You might have to return to work but then you at least get a break from children and he would also have to pay child support and help with nursery fees and childcare as well.

I bet his children won’t even miss him

nocnoc · 14/11/2021 09:35

I don’t understand how this is any different to you being single? At least if you split you’d get every other weekend off! He says you can do your hobbies. When? He’s taking up the whole weekend. So he could take his 5 year old to football or golf with him. Right? That’s what other dads do. This isn’t right. Find a gym like david Lloyd and sign up. Put kids in the crèche. Start with an hour on a Saturday morning and go for a swim. Start to get your life back. How much childcare is he doing every week?
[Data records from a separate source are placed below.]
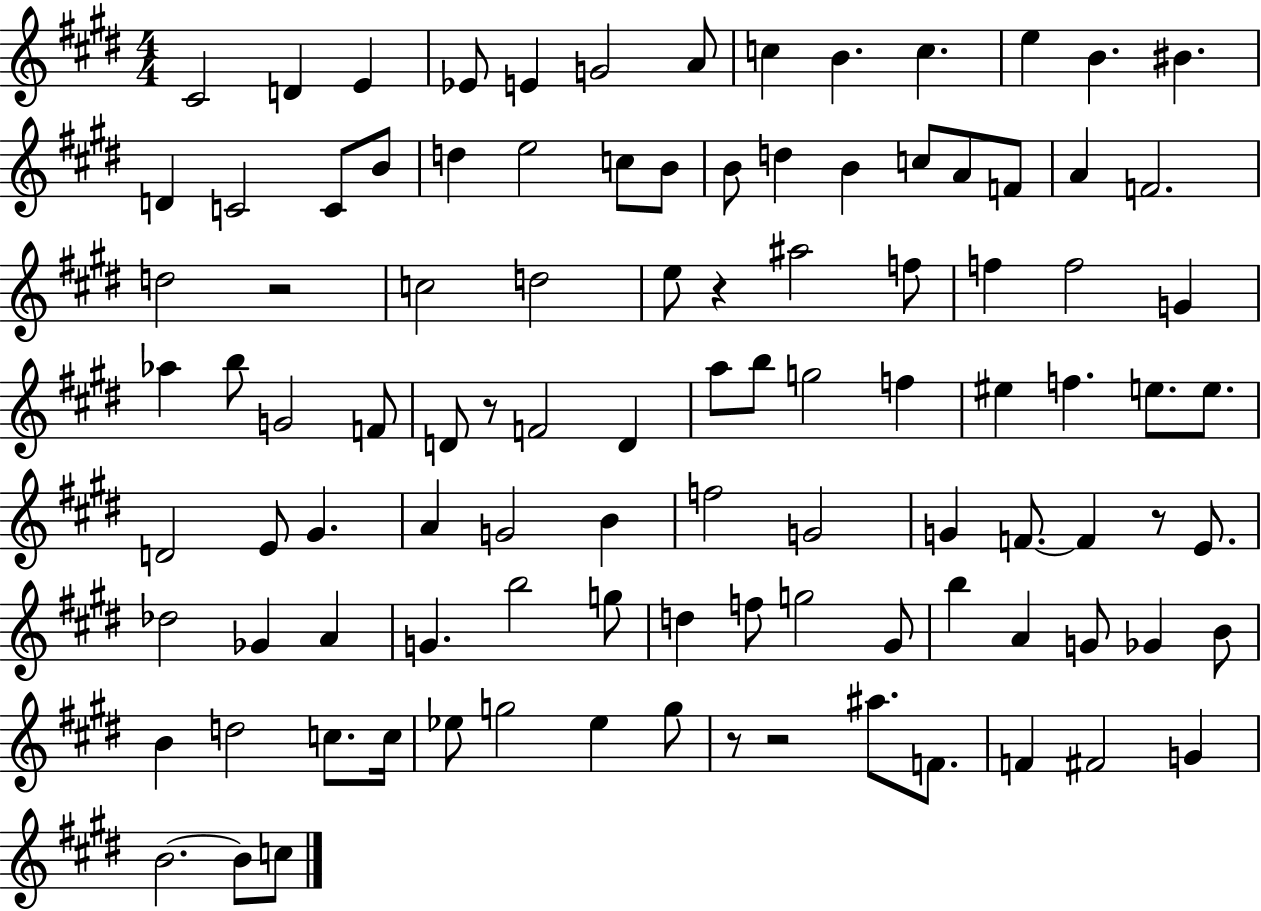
C#4/h D4/q E4/q Eb4/e E4/q G4/h A4/e C5/q B4/q. C5/q. E5/q B4/q. BIS4/q. D4/q C4/h C4/e B4/e D5/q E5/h C5/e B4/e B4/e D5/q B4/q C5/e A4/e F4/e A4/q F4/h. D5/h R/h C5/h D5/h E5/e R/q A#5/h F5/e F5/q F5/h G4/q Ab5/q B5/e G4/h F4/e D4/e R/e F4/h D4/q A5/e B5/e G5/h F5/q EIS5/q F5/q. E5/e. E5/e. D4/h E4/e G#4/q. A4/q G4/h B4/q F5/h G4/h G4/q F4/e. F4/q R/e E4/e. Db5/h Gb4/q A4/q G4/q. B5/h G5/e D5/q F5/e G5/h G#4/e B5/q A4/q G4/e Gb4/q B4/e B4/q D5/h C5/e. C5/s Eb5/e G5/h Eb5/q G5/e R/e R/h A#5/e. F4/e. F4/q F#4/h G4/q B4/h. B4/e C5/e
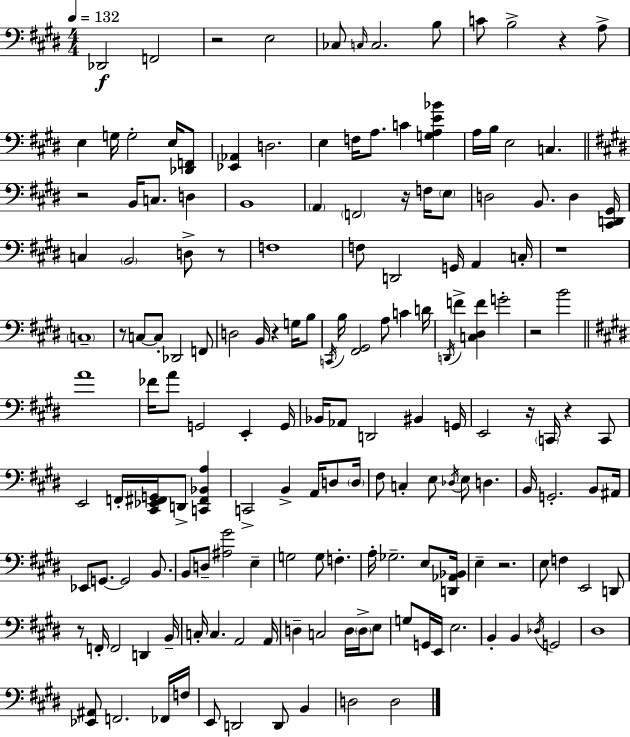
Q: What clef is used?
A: bass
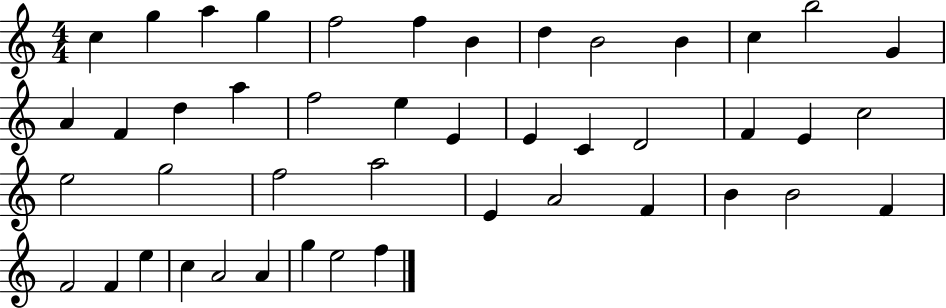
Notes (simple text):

C5/q G5/q A5/q G5/q F5/h F5/q B4/q D5/q B4/h B4/q C5/q B5/h G4/q A4/q F4/q D5/q A5/q F5/h E5/q E4/q E4/q C4/q D4/h F4/q E4/q C5/h E5/h G5/h F5/h A5/h E4/q A4/h F4/q B4/q B4/h F4/q F4/h F4/q E5/q C5/q A4/h A4/q G5/q E5/h F5/q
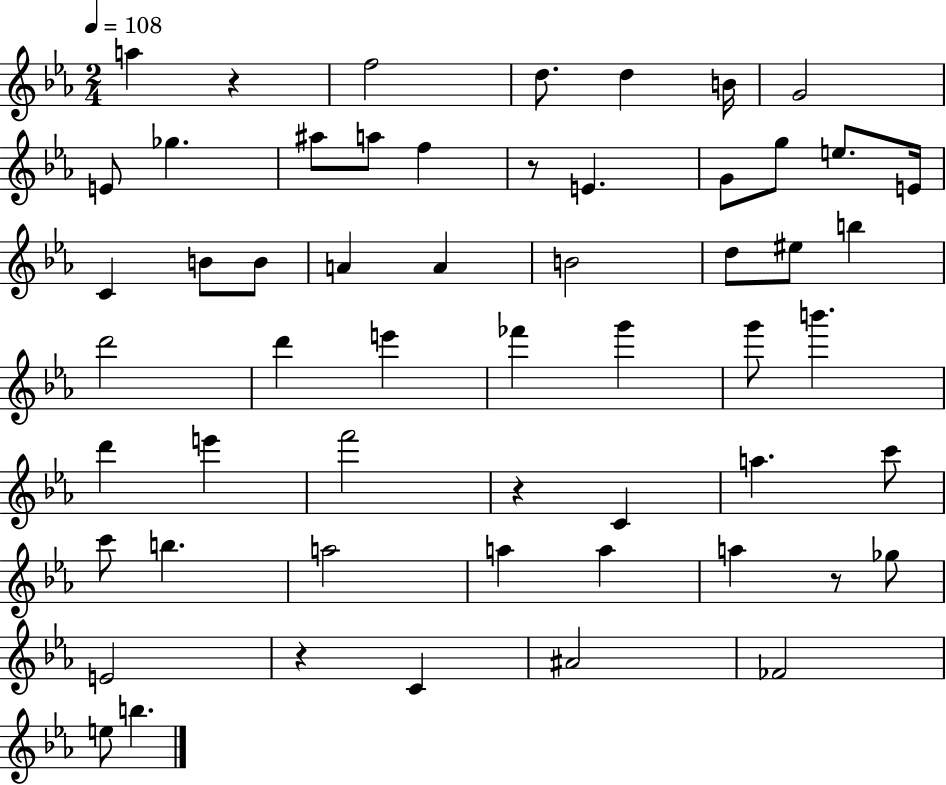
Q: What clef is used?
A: treble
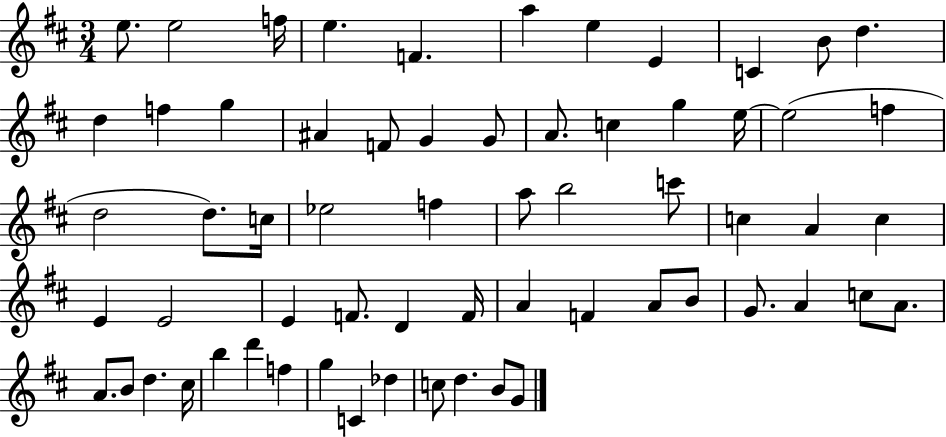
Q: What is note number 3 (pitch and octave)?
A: F5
EarthSight · 14/11/2021 09:37

Either he had a father like this growing up (so he thinks it's normal and acceptable) or he's very aware that he's taking the piss.

My comments blow apply if it's the latter-

He'd never stop you from doing a hobby?? Ermmm, so when would you be able to do that hobby then? Let me guess - you do most of the childcare, which means you either don't have the time or you're too tired in the evenings. Lets say you took up a hobby that took you out of the house from 4pm to 11pm every weekend.....when would you two get to spend time with each other then, as a couple, as a family?

The reality of this happening is very small, and he knows that. Most hobbies and hobby social groups that would take you out of the house for this amount of time happen in the daytime. So.....would he be willing to sacrifice half of his weekends then so you can enjoy a 6 hr hike with a local walking group?

He hasn't verbalised it as such, but he's suggesting that you are unreasonable or controlling by suggesting you are trying to stop his hobbies. Useful tactic to keep you quiet. At the moment he has a nice wifey at home to look after the children whilst he gets the free time he wants on the weekends and check out of family life.

Where are your emotional needs in that then? Where are the needs of your children and you as a family? Most family days out with small children happen in the day time. Sure, you could try an shove in an hour or two at the local park together when he gets back, but is he even up for that when he's been out all day since the morning? What about longer trips to the countryside? Going to a museum or a different city for a day out?

What about being spontaneous and doing something when the weather's nice? Would he be happy to drop the golf so he can spend time with you doing something with the family?

If not, it's very clear where his emotional priorities are. He wants to have a break from all of you for hours every weekend, whilst you have too cope with the children alone.

nocnoc · 14/11/2021 09:39

He said he knows people who are out more? How!!! He’s out ALL weekend. He’s taking the absolute piss. The fair way is for you to have a Saturday to yourself and then he gets Sunday. What’s not fair is him having both days. So you say “50/50 which day is yours and which is mine” then you go out. The whole day. Shopping, see a friend, go to the movies. He’s an utter prick and it’s not on. Time to take a day back.